An Implementation of Transformer in Translation from English to Chinese

Reference:

Vaswani A, Shazeer N, Parmar N, et al. Attention is all you need[J]. Advances in neural information processing systems, 2017, 30.

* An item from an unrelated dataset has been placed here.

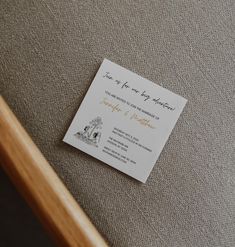 a wedding card laying on top of a chair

https://arxiv.org/pdf/1706.03762.pdf

https://zhuanlan.zhihu.com/p/144825330

Steps from 0 to 16 in transformer.ipynb(for data_small) & transformer_L.ipynb(for data_large: translation2019zh) are following:

0.Import some dependences & set some parameters

1.Data Preparation(tokenize, word2id, add padding & mask, batchnize)

1).data_small

baidudisk link: https://pan.baidu.com/s/1W16jPrdrP-uvzv4ZqYIvlw?pwd=n5ka code：n5ka
2).data_large

google drive link: https://drive.google.com/u/0/uc?id=1EX8eE5YWBxCaohBO8Fh4e2j3b9C2bTVQ&export=download

baidudisk link: https://pan.baidu.com/s/1KMHiroCl9wq8E4pRO_2oqw?pwd=6qts code：6qts

2.Input Embedding

$$InputEmbedding(x) = Embedding(x) * \sqrt {d_{model}}$$

3.Positional Encoding

$$PE_{(pos, 2i)} = \sin (\frac{pos}{1000^{\frac{2i}{d_{model}}}})$$ $$PE_{(pos, 2i+1)} = \cos (\frac{pos}{1000^{\frac{2i}{d_{model}}}})$$

4.Multi-Head Attention

$$ \begin{gather*} MHA(X) = Concatenate(Attention_i(X)) * W_C\\ i \in [1, numheads]\\ Attention(X) = SelfAttentionOrContextAttention(Q, K, V) = softmax(\frac{QK^T}{\sqrt{d_k}})V\\ Q = Linear(X) = X * W_Q\\ K = Linear(X) = X * W_K\\ V = Linear(X) = X * W_V\\ d_k = d_{model} // numheads\\ W_C, W_Q, W_K, W_V = clones(nn.Linear(d_{model}, d_{model}), 4) \end{gather*} $$

Above 3 X during the calculating Q, K, V will be same if SelfAttention else different.

5.LayerNorm

$$LayerNorm(x) = \alpha * \frac{x_{ij} - \mu_{i}}{\sqrt{\sigma _i^2 + \epsilon}} + \beta$$

6.Positionwise FeedForward

$$PositionwiseFeedForward(X_{attn}) = Linear(Activate(Linear(X_{attn})))$$

7.Utilities class: SublayerConnection & clones

$$SublayerConnection(X) = X + SubLayer(X)$$ $$clones(X, N) = [X repeat N times]$$

8.EncoderLayer & Encoder(N_head EncoderLayers)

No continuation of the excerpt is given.